Writing Movies That Get Made

Images Versus Sound; Action Versus Dialogue

Show people have a saying that the movies are pictures with sound, while TV is sound with pictures. Historically this has some truth. The movies were silent for their first three decades. They only added sound in 1927. Meanwhile, the very first TV shows, in the late 1940s, were little more than radio shows with a fuzzy black and white picture. The TV networks were radio networks that added TV stations.

What are the conclusions we can draw from this bit of history?

None, as far as I'm concerned. In the motion picture medium, sound is not some poor cousin to picture, no matter what French critics say. When producers overrun their budget and skimp on the sound, it can destroy the movie however nice the visuals are. Likewise, dialogue is not the red-headed bastard stepchild of action. Dramas lend themselves to dialogue scenes; action movies to scenes of actors running, jumping and falling down.
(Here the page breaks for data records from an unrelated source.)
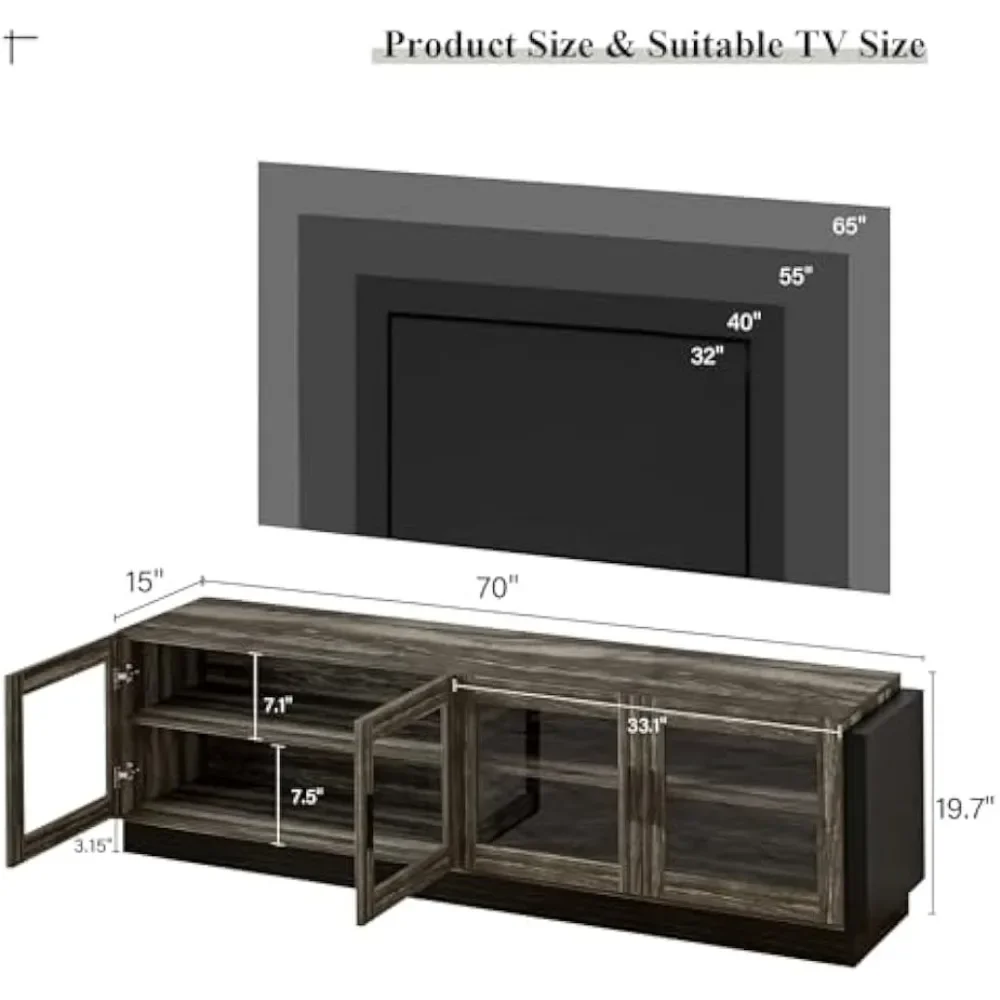 Large Entertainment Center for up to  with LED TV Storage Cabinet with Doors, TV Console for Living Room,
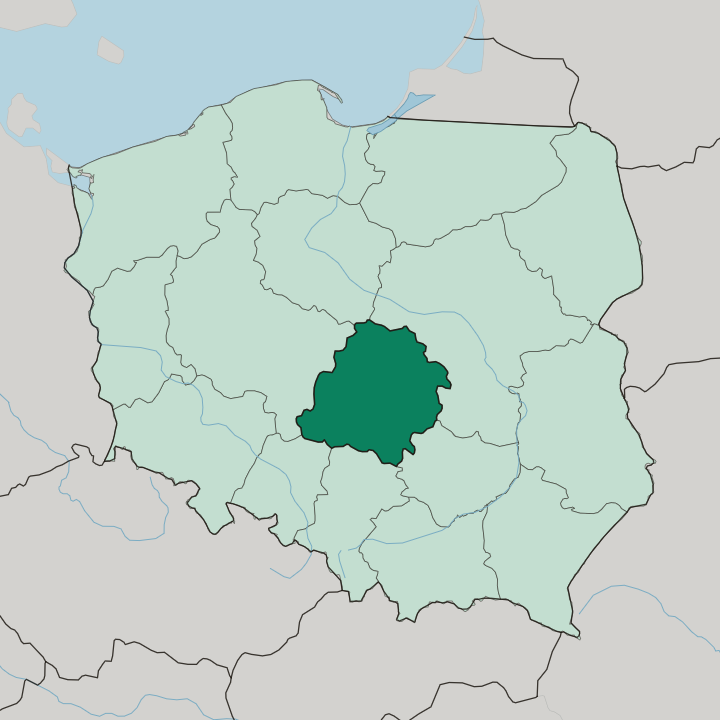 Map showing Łódź Voivodeship — In Poland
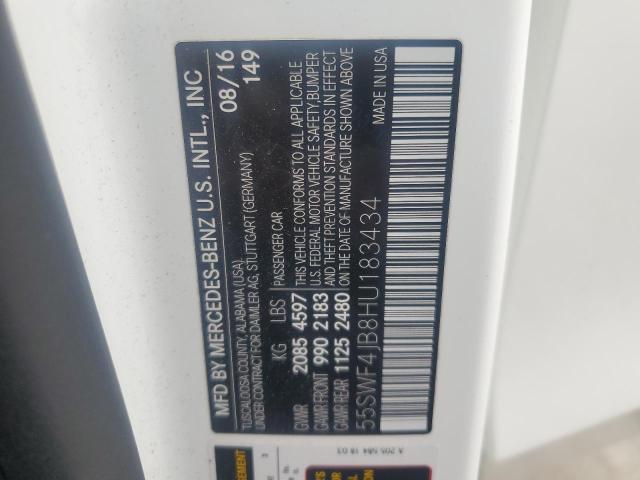 2017 Mercedes-Benz C 300 VIN: 55SWF4JB8HU183434 Lot: 51632804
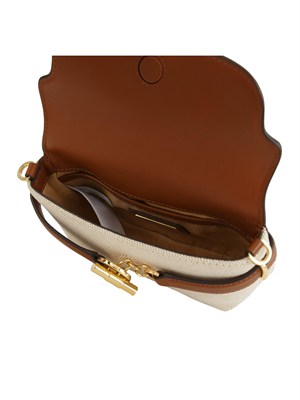 Borsetta Blake Ralph Lauren in tela beige e pelle cuoio in DONNA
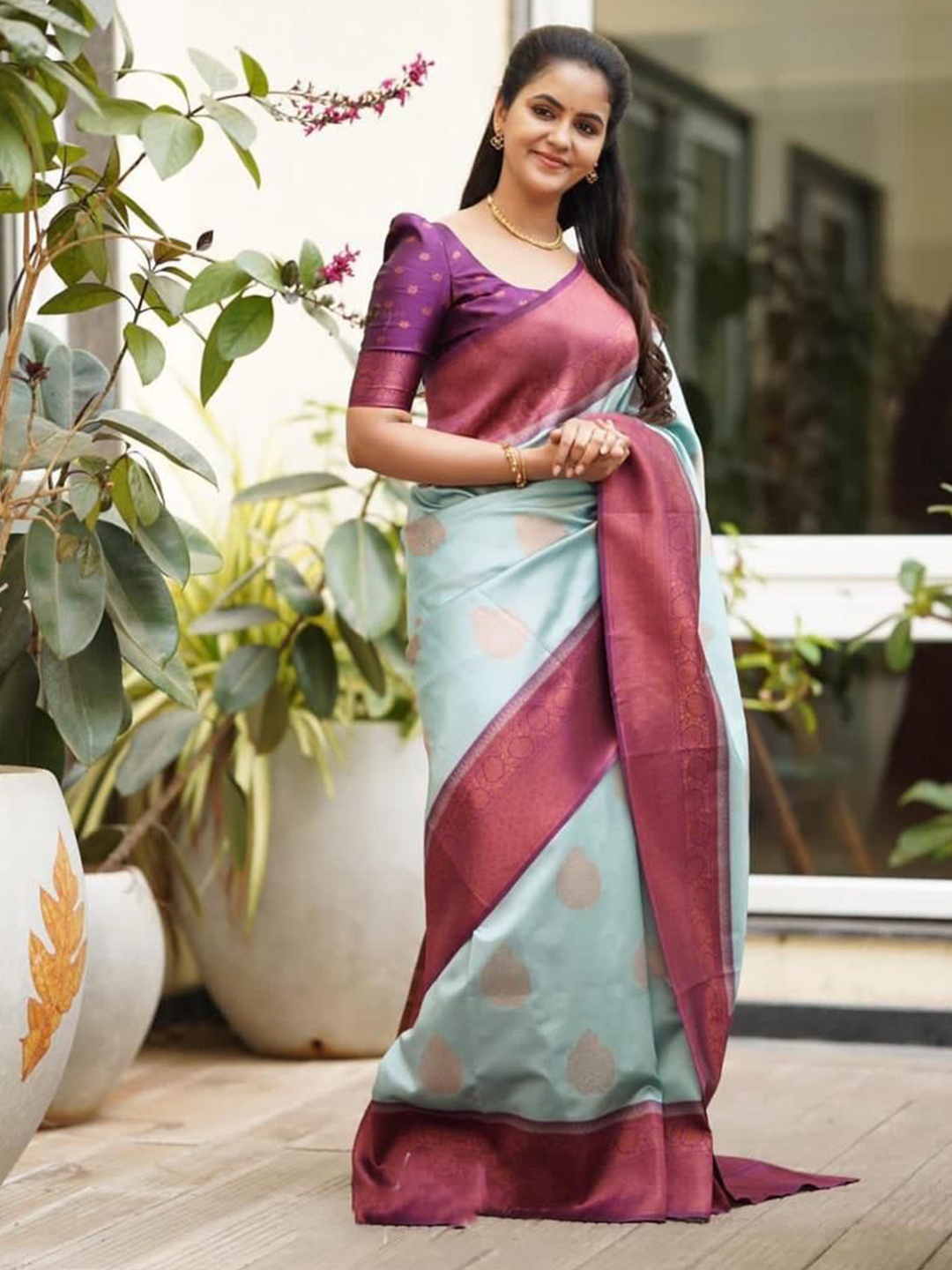 

Areca Designer Woven Design Pure Silk Banarasi Saree, Sea green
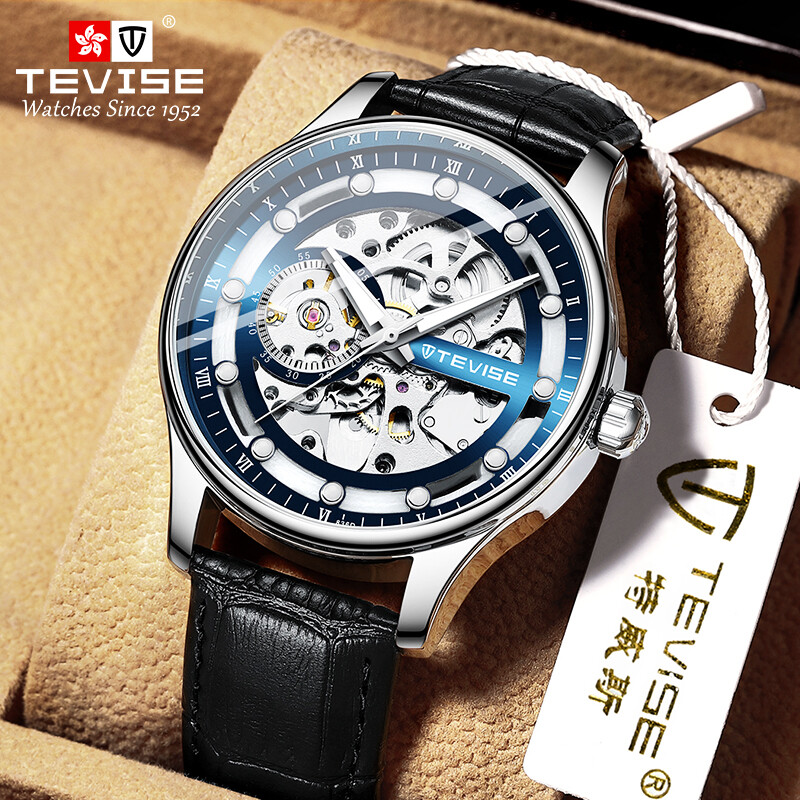  TEVISE T836D New Hollow Men's Belt Watch Fashion Waterproof Night Glow Fully Automatic Men's Mechanical Watch 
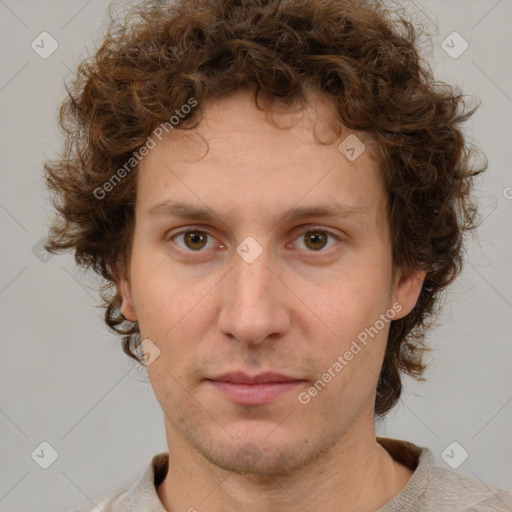 Neutral white adult male with short  brown hair and brown eyes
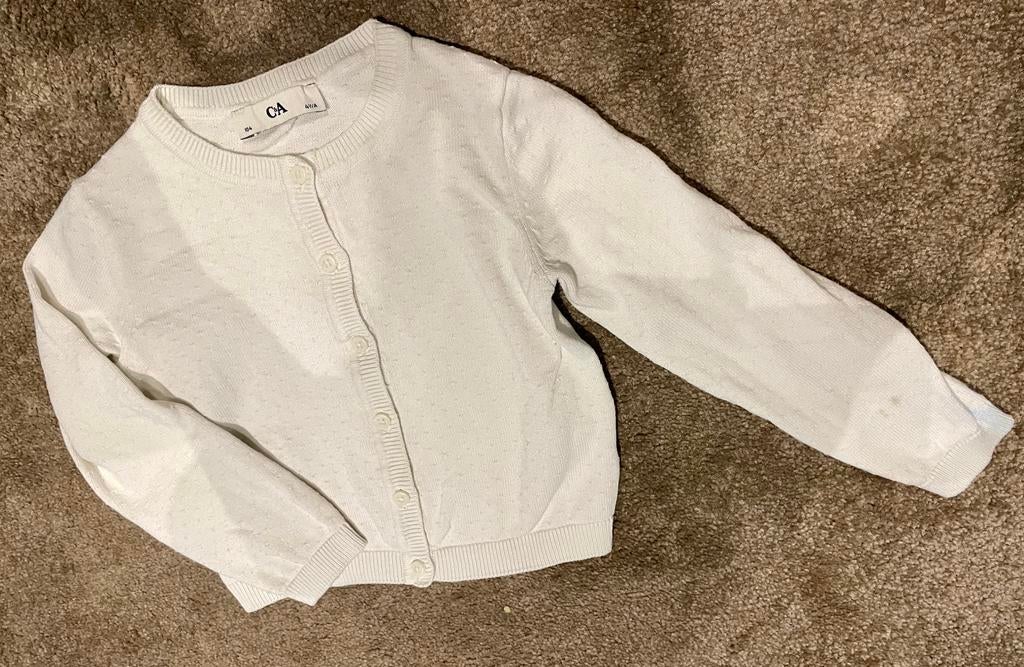 Witte vest met patroontje Maat 104 C&A, Kinderen en Baby's, Kinderkleding | Maat 104, Ophalen of Verzenden, Gebruikt, Meisje, Trui of Vest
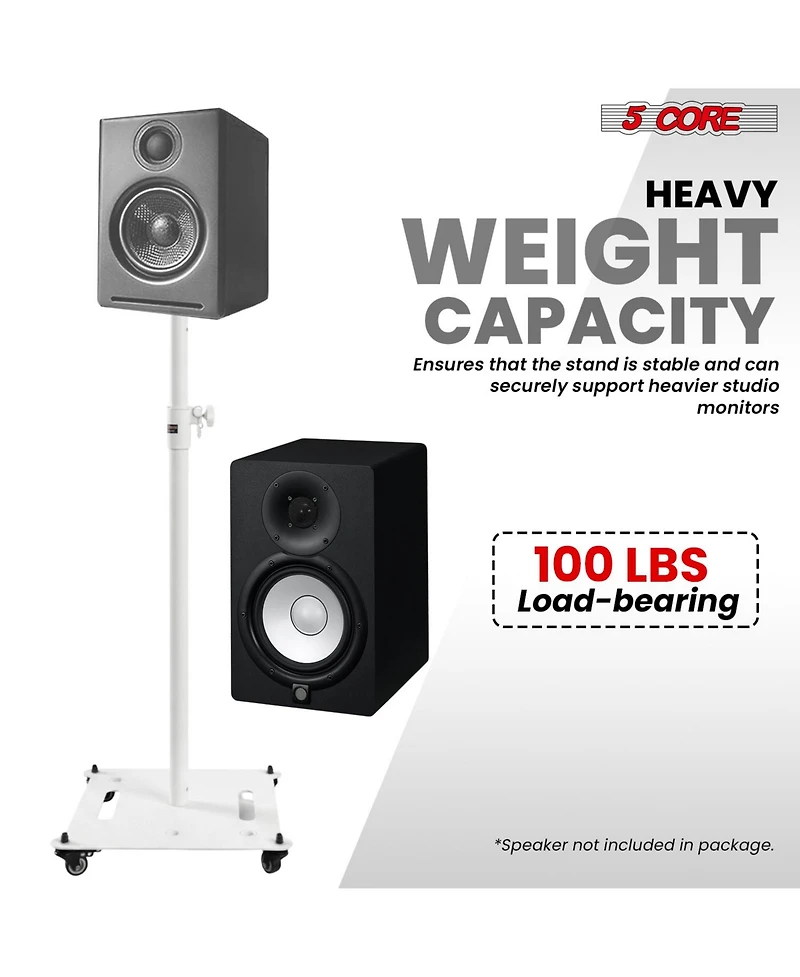 5 Core Speaker Stand 2Pc Heavy Duty Adjustable Height 61" Dj Pa Stands 35mm Mount 100Lb Capacity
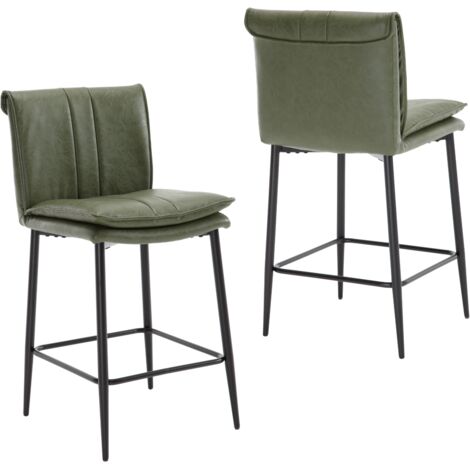 Wahson Bar Stools 2Pcs in PU Leather Modern Industrial Counter Chairs with Backrest for Kitchen Home Bar Restaurant, Green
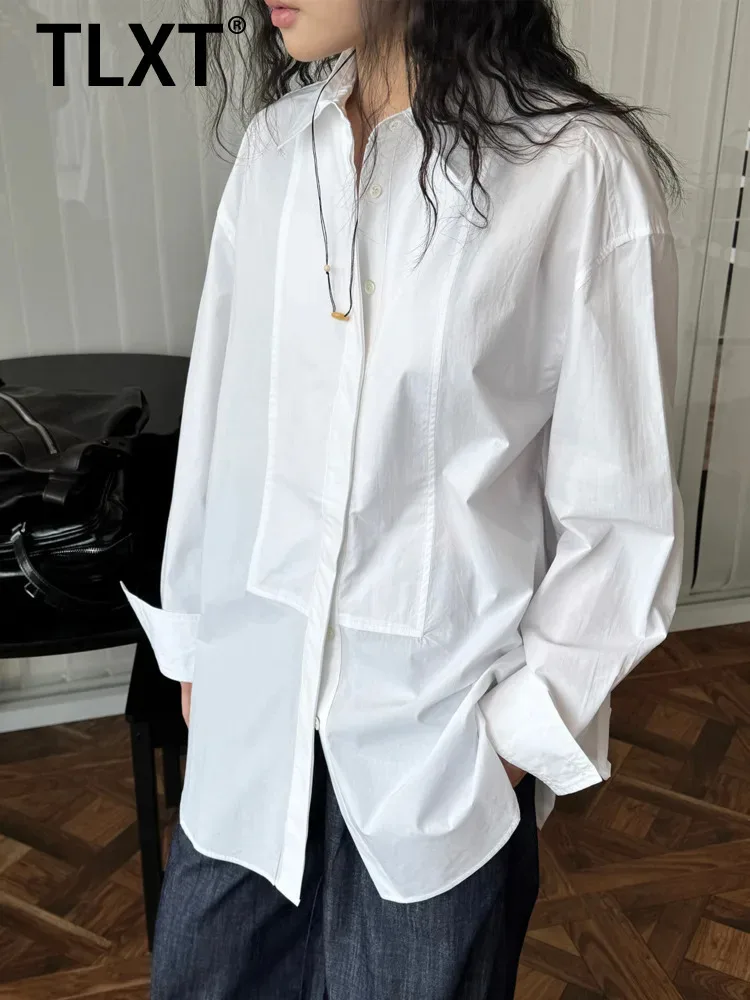 

TLXT Elegant Women's Minimal Design Shirt Lapel Single Breasted Long Sleeve Commute Shirts Female Summer 2025 New XK1329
Telling a story through spoken words is not, per se, inferior to telling it through images.

In his book Screenwriting Tricks of the Trade, screenwriter Bill Froug suggests that, as an exercise, before you write a scene, you try to imagine how you would write it if you were making a silent movie. Sometimes a single visual moment can show more than pages of dialogue. There's a story that Frank Capra hired a famous playwright to write a screenplay. After a few months, he checked in. The famous playwright had written two beautiful reels of dialogue, twenty pages that showed a marriage that had once been strong but was now fading.

Capra's response was, "Here's what we'll do. We show the husband and the wife in an elevator. The husband has his hat on. Elevator stops. A pretty girl gets into the elevator. The husband takes his hat off for the pretty girl."

Any time you can communicate the essence of twenty pages of dialogue in one scene (and better yet, one shot in an elevator!), go for it. Any time you can come up with a completely new way to write any scene, it's worth trying. Then you have two versions to choose from.

The corollary to Bill Froug's idea is that any time you have a scene of pure action, you should probably also try to think of how you could replace the scene with dialogue. For example, in Blade Runner, Rick Deckard's old boss menaces him, "You know the rules, pal. If you're not cop, you're little people." That single line carries more threat than an entire scene of, say, Deckard getting stalked by thugs.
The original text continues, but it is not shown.